E la stessa logica del dollaro forte si applica ai tassi troppo alti, come esplicitamente citato dal Presidente eletto. Cosa successe nel 2017, dopo quelle dichiarazioni allarmanti di Trump? Il dollaro subì una svalutazione significativa che aprì la strada a uno dei pivot monetari più significativi della storia, accelerando le performance degli asset più rischiosi. Un nuovo Eldorado di leva finanziaria, un rally senza preoccupazioni per il futuro. Un altro déjà vu all’orizzonte? Quasi certamente. E Trump non ha fatto nulla per negarlo. Ha semplicemente piazzato la bomba al centro della cortina fumogena, rendendo estremamente complicato intercettarla e disinnescarla in tempo.
Il problema ulteriore? Lo evidenzia questo grafico. Ieri sono stati pubblicati i dati sugli ordinativi industriali tedeschi di novembre. A fronte di una variazione su base mensile che a ottobre aveva segnato -1,5% e una previsione di -0,3%, il dato attuale è stato del -5,4%.

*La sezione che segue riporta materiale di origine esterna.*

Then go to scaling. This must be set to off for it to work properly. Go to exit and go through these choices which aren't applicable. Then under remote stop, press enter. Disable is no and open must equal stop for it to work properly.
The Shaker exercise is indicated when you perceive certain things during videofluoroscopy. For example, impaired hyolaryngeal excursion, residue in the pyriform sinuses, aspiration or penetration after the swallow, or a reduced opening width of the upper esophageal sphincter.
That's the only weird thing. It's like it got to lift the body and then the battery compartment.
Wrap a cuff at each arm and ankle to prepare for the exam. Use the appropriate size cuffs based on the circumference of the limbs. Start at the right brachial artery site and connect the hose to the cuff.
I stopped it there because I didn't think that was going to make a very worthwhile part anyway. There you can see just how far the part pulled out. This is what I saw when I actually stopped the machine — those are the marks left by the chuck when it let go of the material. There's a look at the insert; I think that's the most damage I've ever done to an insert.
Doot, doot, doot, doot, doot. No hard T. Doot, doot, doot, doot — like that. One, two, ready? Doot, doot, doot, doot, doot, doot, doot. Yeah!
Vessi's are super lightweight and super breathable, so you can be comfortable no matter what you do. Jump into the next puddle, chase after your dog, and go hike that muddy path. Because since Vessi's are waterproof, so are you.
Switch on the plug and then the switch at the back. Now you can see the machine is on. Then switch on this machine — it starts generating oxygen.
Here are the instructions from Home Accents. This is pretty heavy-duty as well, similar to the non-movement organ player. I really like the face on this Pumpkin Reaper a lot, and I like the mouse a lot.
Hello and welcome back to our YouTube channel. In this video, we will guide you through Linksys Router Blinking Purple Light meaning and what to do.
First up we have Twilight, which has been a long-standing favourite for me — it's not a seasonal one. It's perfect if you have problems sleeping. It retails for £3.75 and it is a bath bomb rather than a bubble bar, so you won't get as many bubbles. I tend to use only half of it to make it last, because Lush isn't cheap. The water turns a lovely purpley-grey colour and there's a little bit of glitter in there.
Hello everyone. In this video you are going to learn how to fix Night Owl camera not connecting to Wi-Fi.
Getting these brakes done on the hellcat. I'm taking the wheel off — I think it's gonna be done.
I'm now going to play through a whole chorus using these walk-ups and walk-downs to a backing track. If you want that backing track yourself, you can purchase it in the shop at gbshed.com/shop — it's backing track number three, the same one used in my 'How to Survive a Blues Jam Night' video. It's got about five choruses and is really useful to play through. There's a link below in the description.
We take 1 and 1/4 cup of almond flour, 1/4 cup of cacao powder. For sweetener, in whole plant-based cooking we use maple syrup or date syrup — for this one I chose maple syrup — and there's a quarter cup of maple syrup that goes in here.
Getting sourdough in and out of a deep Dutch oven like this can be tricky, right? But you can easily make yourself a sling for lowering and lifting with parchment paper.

E non è tutto. Questo crollo deve essere contestualizzato in un ambiente macroeconomico che ha visto l’inflazione tedesca salire a dicembre al 2,6% dal 2,2% precedente. Nonostante ciò, si continua a insistere sulla retorica dannosa del taglio dei tassi. Il grafico è molto chiaro. L’attuale tendenza degli ordinativi industriali tedeschi non si riferisce più al periodo negativo della pandemia, ma a quello della Grande Crisi Finanziaria del 2008. Il 1929 ricaricato. USA e Cina lo sanno. E attendono a bordo fiume. La BCE tace. La Commissione Europea è assente.